To those ends I was hoping for recipe's.

Thank you for your time.


----------



## Soapmaker145 (Jul 10, 2016)

Make a list of all the oils/fats and butters you have access to.  It'll make it easier to help you put together some recipes to test.  Since you're used to working with lye, you're ready to make soap.  Do you only want to make liquid soap?


----------



## KristaY (Jul 10, 2016)

Since you have livestock pens, do you render tallow or lard? That would be a great ingredient if you have animals you raise for meat.


----------



## plataoplomo (Jul 10, 2016)

Soapmaker145 said:


> Do you only want to make liquid soap?



Wow.  I am flabbergasted at the help.  Thank you.

No I intend to experiment with hard soaps.  But later.  I am a very hands on learner.  Gotta do it to really understand it type.

So I figured I start work with what I currently have available.

The list is inbound, just give me a chance to compile and re-key it.


KristaY said:


> render tallow or lard?



Not yet we don't.  One step at a time.

We raise Rabbits, Chickens, Ducks, a Filipino version of Javalina, and have a pet heifer I intend to milk.

The Rabbits give us the most fat.  We butcher 10 -> 15 in batches about once a month. 

I'd say we could gather 5 -> 10 pounds of fat in a session.

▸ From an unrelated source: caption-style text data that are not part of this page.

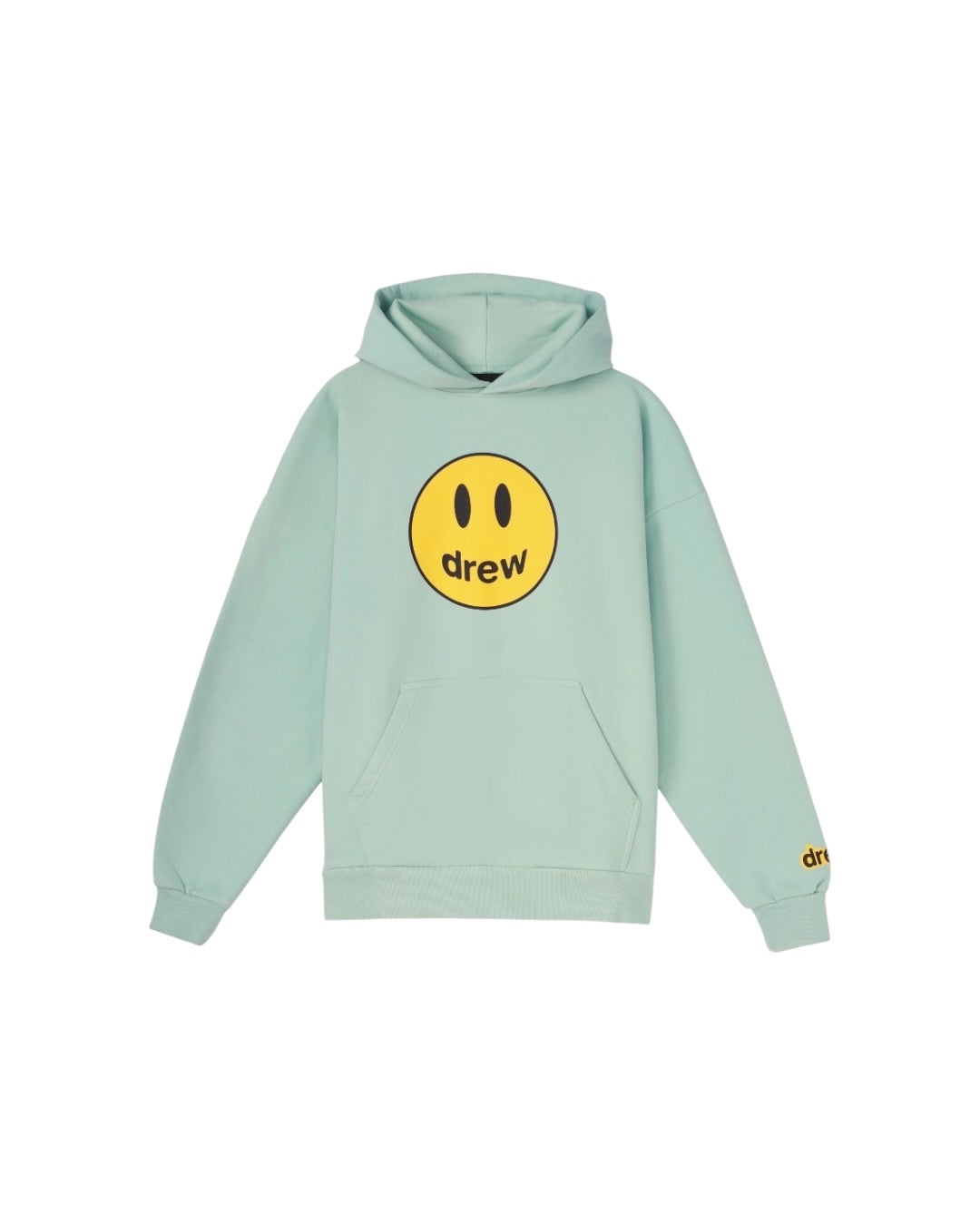 Drew House A笑臉 帽T 薄荷綠 DR-SS20-004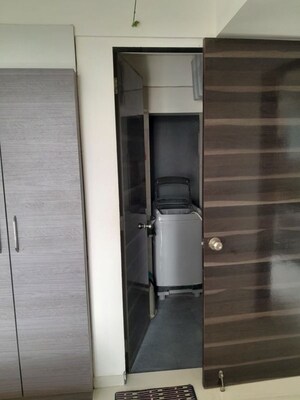 Building Lobby in 1 BHK Apartment at Nicon Infinity, Vasai East – for Sale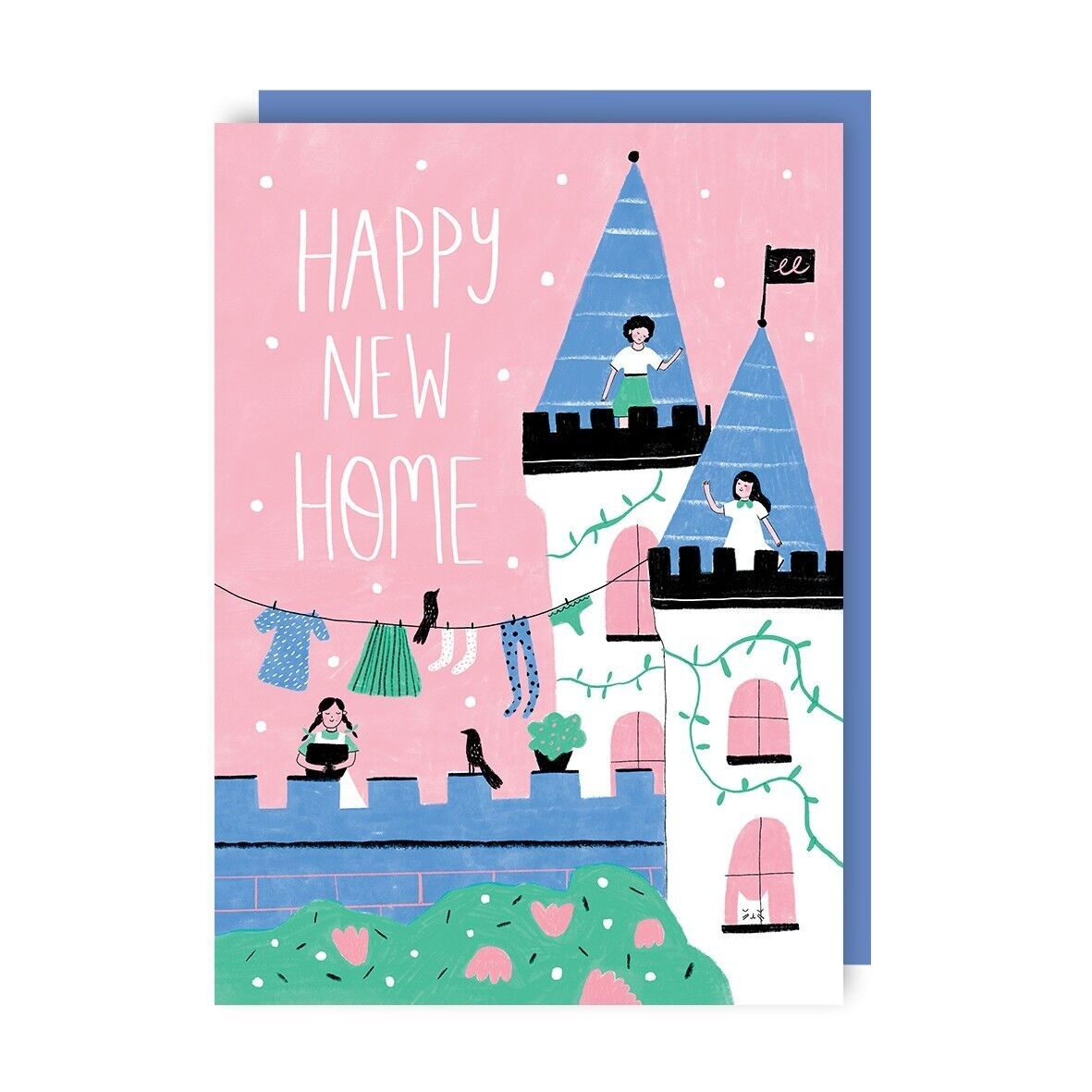 Confezione da 6 carte Princess Home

Not sure how much usable material that would render down into.
Minola Lauric Oil - 

Well wouldn’t ya know it.  Everyone talks about cooking with it.  No body talks about what is in it.

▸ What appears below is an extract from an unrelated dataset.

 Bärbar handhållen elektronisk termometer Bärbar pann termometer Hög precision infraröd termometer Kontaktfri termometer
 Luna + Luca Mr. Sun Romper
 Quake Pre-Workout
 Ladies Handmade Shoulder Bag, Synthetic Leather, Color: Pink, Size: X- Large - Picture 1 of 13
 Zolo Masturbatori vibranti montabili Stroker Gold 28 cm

Company website is down.  I may call them on Monday.

Label says - 

" Refined, bleached, and deodorized coconut oil with vitamin A."

I did find this listing from a competitor.  I'd  be willing to bet the values were very similar.

Exora RBD Cooking oil ( Coconut Oil) - 

FFA (as lauric)               0.07% max.
                                        Moisture & Impurities               0.1% max. 
                                        Iodine Value (WIJS Method)               7.5 - 10.5                                         
Peroxide Value, mEq/Kg               1.0 max.                                         
Saponification Value               245 - 264                                         
Color (5.25 Lovibond cell)               1.0 max. Red
10.00 max Yellow                                         Slip Melting Point               23 - 26°C

http://www.tantuco.com/rbd-coconut-oil-cooking-oil.php


Exora Vegetable Shortening - 

FFA as oleic acid, %               0.4 max. 
                                        Peroxide Value Melting Point (Wiley Method)               46°C                                         
Moisture (KF Method), %               0.1 max.                                         
Iodine Value (WIJS Method)               15 max.                                         
Color (Lovibond, 5 ¼")               3.0 Red max. 
                                        Odor               Clean without chemical or off odor                                         
Taste / Sensory               Bland

http://www.tantuco.com/vegetable-shortening.php


----------------------------------


I can get olive, canola, caster, sunflower, and peanut oils here.  But they are all imported and very expensive.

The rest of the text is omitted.